EXERCISE INSTRUCTIONS:
Beneath this line sits some data. Return only its lines from the one holding "Green valley with snow-capped mountains" through the one holding "La visite de", inclusive, exactly, with the images removed.

SOURCE MATERIAL:

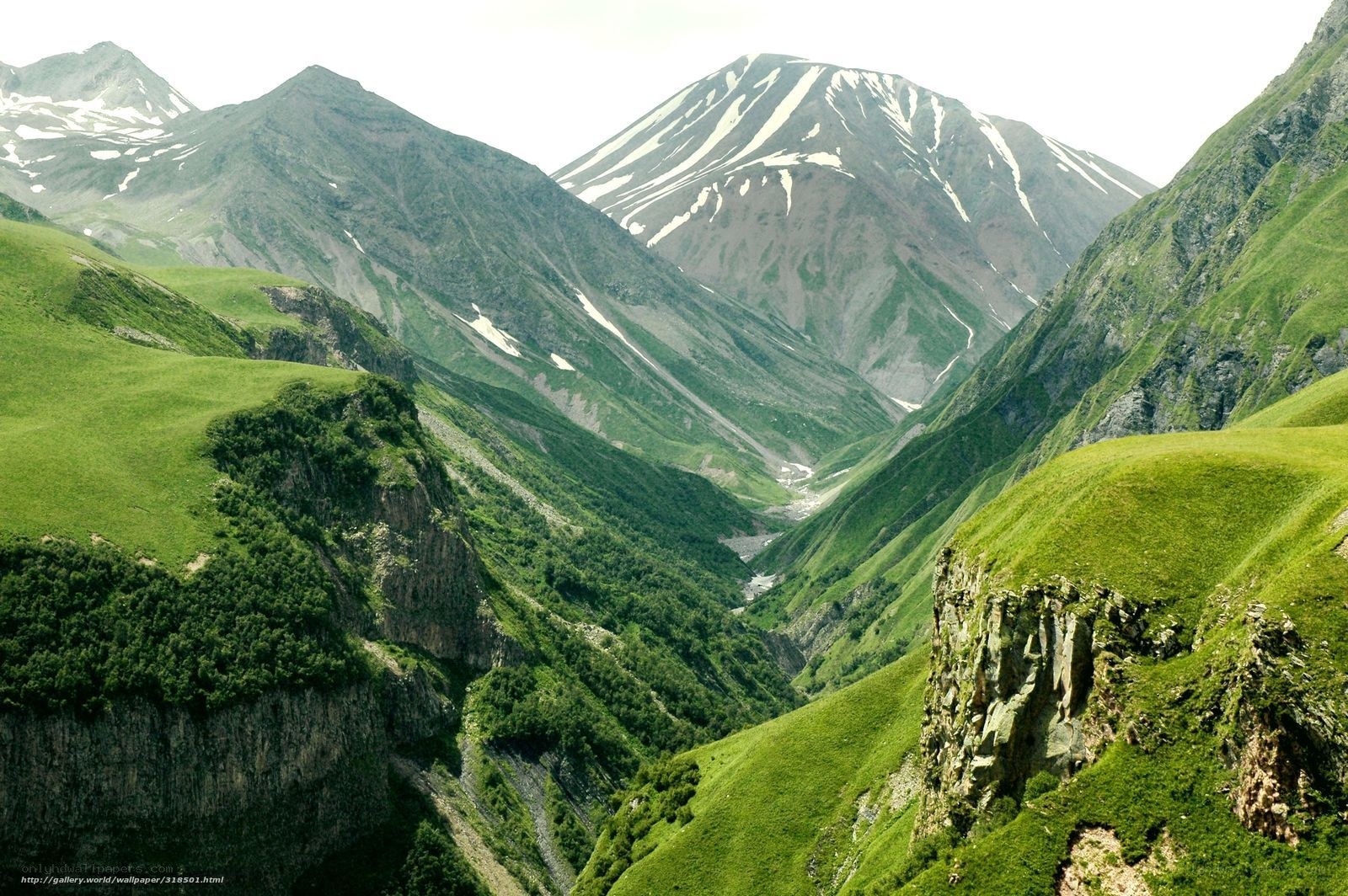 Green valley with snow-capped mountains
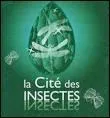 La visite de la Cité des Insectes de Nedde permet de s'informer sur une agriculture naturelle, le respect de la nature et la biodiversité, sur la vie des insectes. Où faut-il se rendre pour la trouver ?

==

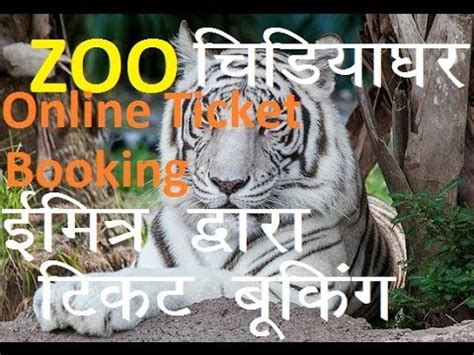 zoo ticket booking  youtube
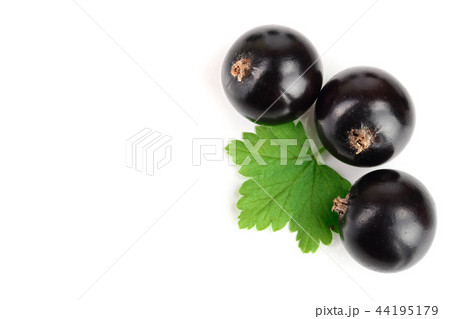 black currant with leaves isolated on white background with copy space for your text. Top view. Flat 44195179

SOLVED PROBLEM:
 Green valley with snow-capped mountains
 La visite de la Cité des Insectes de Nedde permet de s'informer sur une agriculture naturelle, le respect de la nature et la biodiversité, sur la vie des insectes. Où faut-il se rendre pour la trouver ?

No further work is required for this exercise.